W krótszym terminie można wyznaczyć węższy zakres wahań 106.90 - 110.60 dolarów za baryłkę i w okolicy punktów zwrotnych szukać okazji do zajęcia pozycji. Dodatkowo można posiłkować się prostą koncepcją statystyczną określaną jako ,,powrót do średniej". Zgodnie z tą teorią, odchylenie ceny aktywa od jego średniej wartości jest tymczasowe i należy oczekiwać spadków, jeżeli znajdujemy się powyżej średniej oraz wzrostów, jeżeli znajdujemy się poniżej średniej.

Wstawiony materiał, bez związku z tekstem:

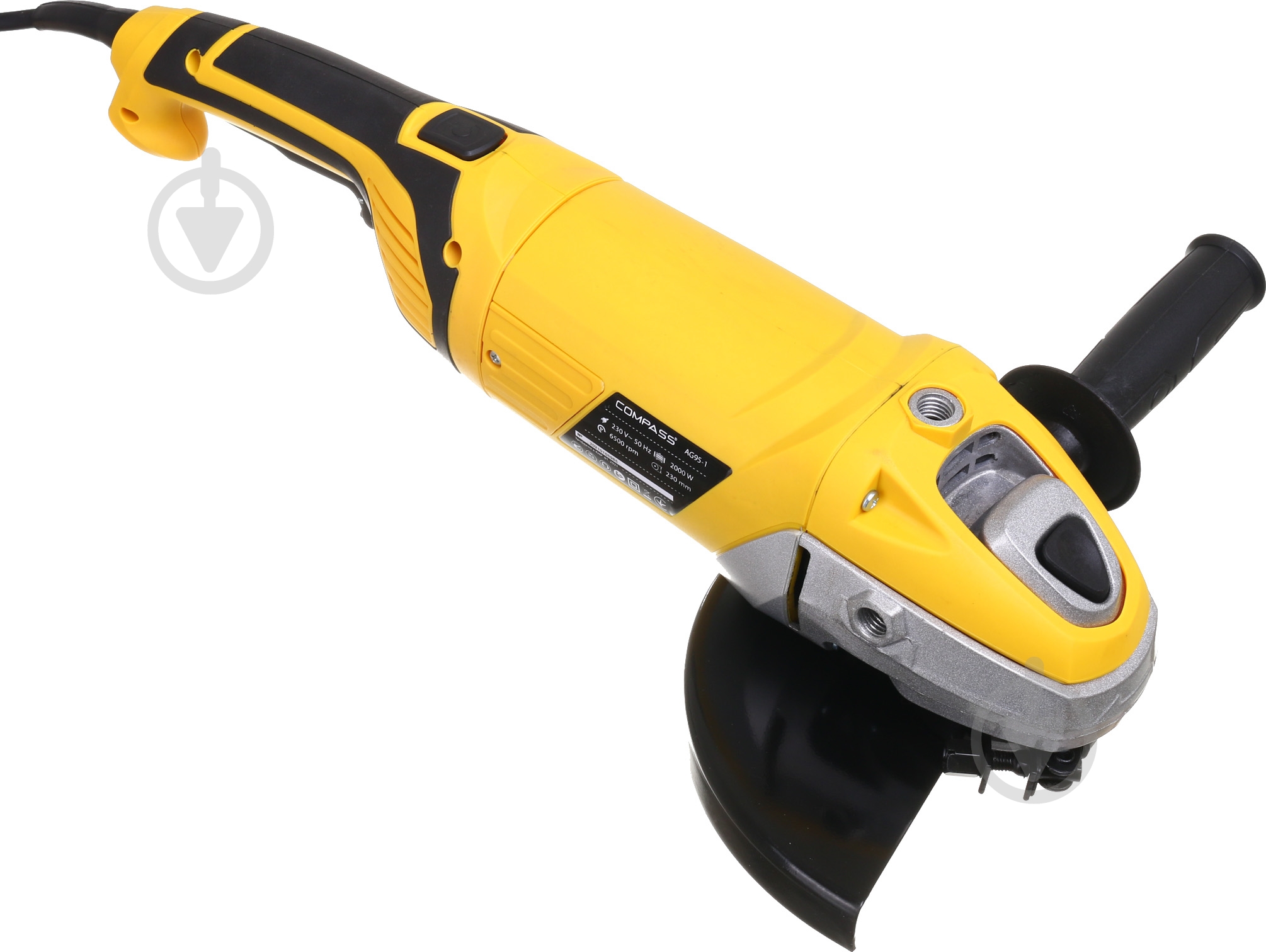 Болгарка (угловая шлифмашина) Compass AG95-1 - фото 2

Oczywiście w gestii inwestora leży wybór średniej - najlepiej aby była to średnia długoterminowa, np. średnia 200-sesyjna.

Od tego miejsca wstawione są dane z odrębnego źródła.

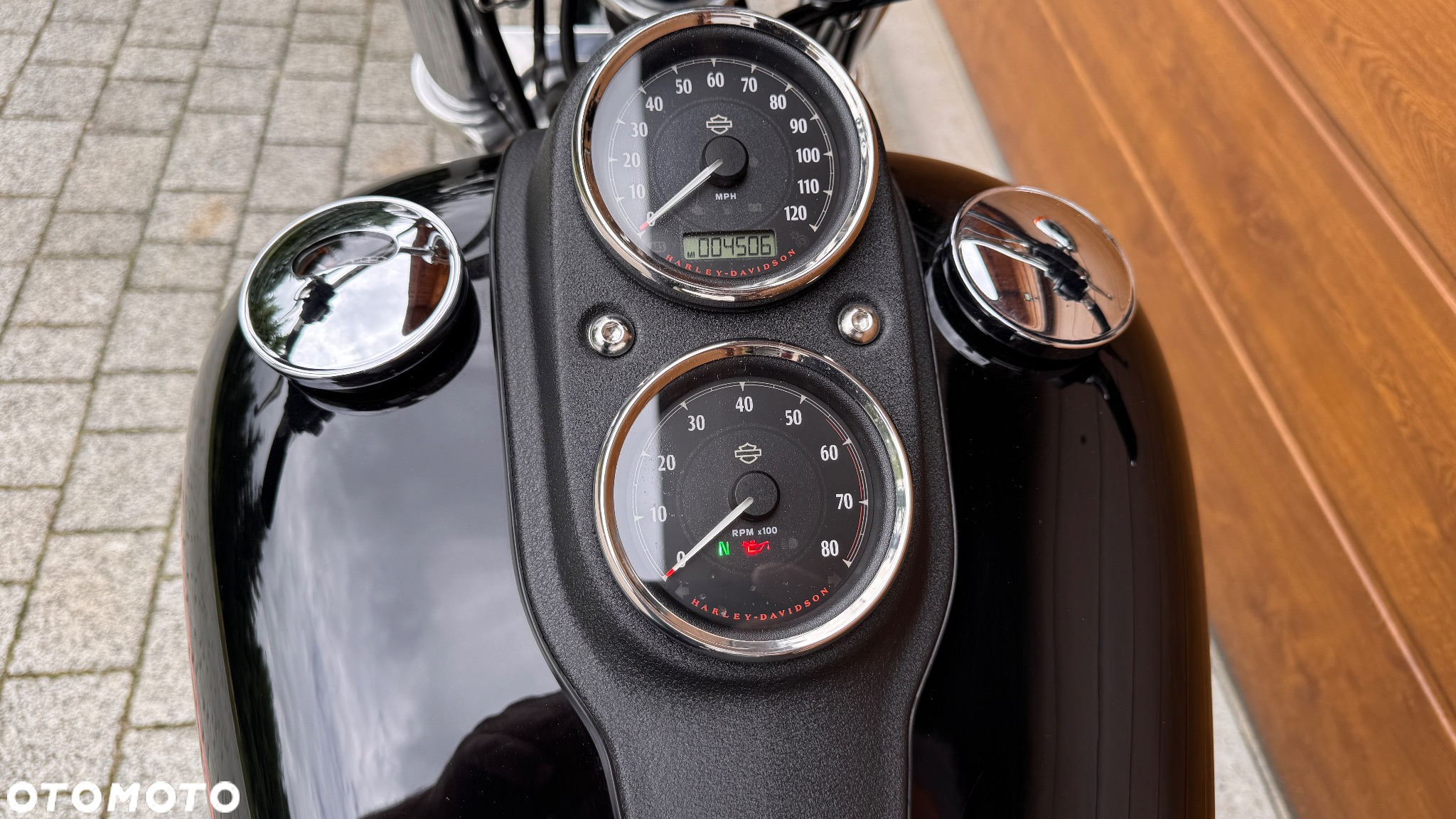 Harley-Davidson Dyna Low Rider - 6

Wykres BRENT zdaje się znakomicie poddawać tej teorii, stąd należy oczekiwać spadków po osiągnięciu 110.60 lub 112.44. Innymi słowy, jeżeli w cenach zamknięcia przekroczony zostanie poziom 110.60 USD/baryłkę, można liczyć na wzrost w kierunku 112.44, gdzie powinien pojawić się kolejny punkt zwrotny. Naturalnie, cena może znajdować się znacznie powyżej/poniżej średniej przez dłuższy okres, stąd wzrosty powyżej 112.44 nie będą wykluczone.
Zachowanie cen surowców nigdy nie jest oderwane od fundamentów. W przypadku BRENT negatywnie po stronie podaży oddziałuje Libia, która od dłuższego czasu pogrążona jest w chaosie. Pomimo porozumienia z protestującymi w ubiegłym tygodniu, weekend ponownie pokazał, że problemy tego państwa szybko nie zostaną rozwiązane. Ceny ropy lokalnie może dodatkowo napędzać konflikt ukraiński, zatem górne ograniczenia konsolidacji w kolejnych tygodniach są bardziej prawdopodobne niż dolne.